Justement, qu'est-ce qui vous attirait dans le récit de Zamiatine ?

Je crois que je suis attirée par les histoires d'enfermement et d'étouffement. C'est quelque chose qui me fascine : l'enfermement à l'intérieur de soi. Jusqu'au point où le personnage de Sofia en arrive, c'est-à-dire au meurtre. Il y a dans le récit de Zamiatine tous les thèmes fondateurs de la féminité : le désir, l'amour, la maternité, la stérilité, la jalousie, la honte le mépris. Des thèmes concentrés sur un personnage peu apte à les digérer, un personnage qui étouffe… Sophia est primaire, elle ne sait ni lire, ni écrire, mais elle est agitée par des sentiments d'une telle puissance…

 

Il y a également ce poids très caractéristique de la Russie.
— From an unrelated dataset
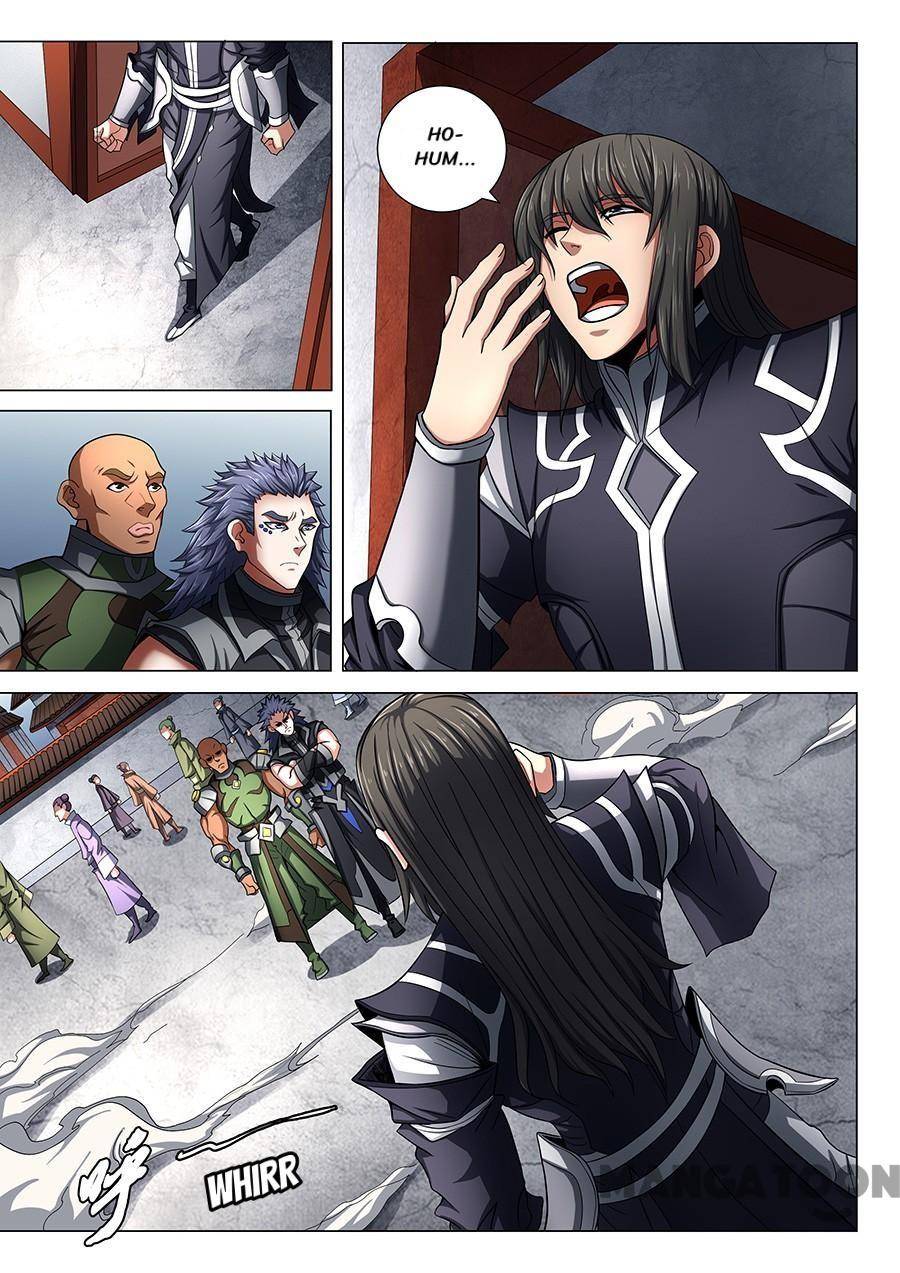 God of Martial Arts chapter 220 page 1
L'immense orgueil du personnage, qui est aussi celui de son pays. L'Inondation parle aussi de cela, je crois.

 

C'est un type de personnage que vous interprétez souvent : dans Malina, mais aussi dans Une affaire de femmes, Violette Nozière ou Madame bovary, chez Chabrol.

Oui, c'est vraiment un thème qui m'intéresse. J'ai actuellement un projet, dont je ne peux pas encore parler, qui se situe également dans cette veine-là.

 

Qu'est-ce que cela implique de tourner en studio?
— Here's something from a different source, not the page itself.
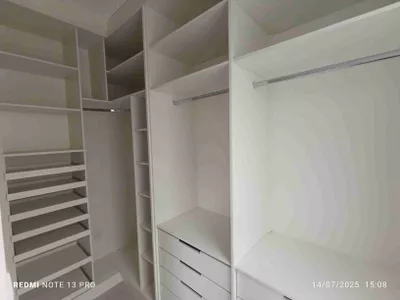 Casa com 3 suítes com planejados em todos os ambientes em condomínio fechado, infraestrutura compl - Foto 37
Cela accentuait le sentiment de claustrophobie que l'on retrouve dans le film. Le " réalisme lunaire " dont parle Minaîev était aussi celui dans lequel on a évolué pendant les deux mois de tournage. Dans cet immense vaisseau fantôme de Mosfilm, où l'on met, par exemple, un temps interminable pour aller des loges au plateau, il règne un climat très particulier, c'est une atmosphère complètement surréelle.

 

Mener une carrière internationale au cinéma est assez rare pour une actrice française. Est-ce le fruit du hasard ou est-ce vous qui provoquez les rencontres ?
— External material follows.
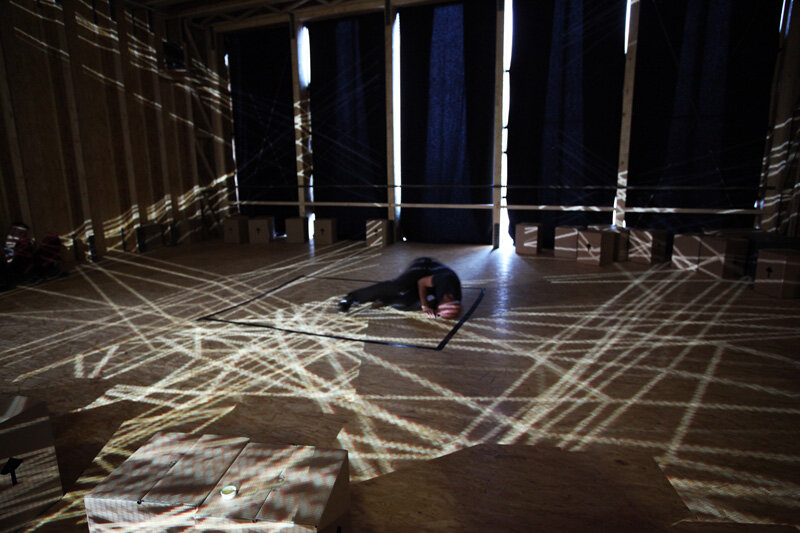 Fotorückblick: aspern und das Paradoxon der Roten Königin im Rahmen der Architekturtage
D'autres actrices jouent aussi à l'étranger, mais il est vrai que j'ai tourné dans beaucoup de pays différents. Le fruit du hasard ? Non, rarement. La plupart du temps, ce sont des rencontres que j'ai provoquées. Pour Michael Cimino et la porte du paradis, c'était le hasard-il avait vu Violette Nozière et il est venu me chercher ; en revanche, pour Hal Hartley et Minaïev, c'est moi qui ai provoqué les rencontres. Et même si, concrètement, ce n'est pas moi qui agis, je m'aperçois souvent, après coup, que j'y ai été pour quelque chose. J'aime bien tourner à l'étranger. C'est un peu le pendant de l'enfermement que j'apprécie dans mes rôles : rester toujours au même endroit provoque la claustrophobie… Actuellement, j'aimerais bien tourner avec Abbas Kiarostami. On a envie de faire quelque chose ensemble d'ailleurs.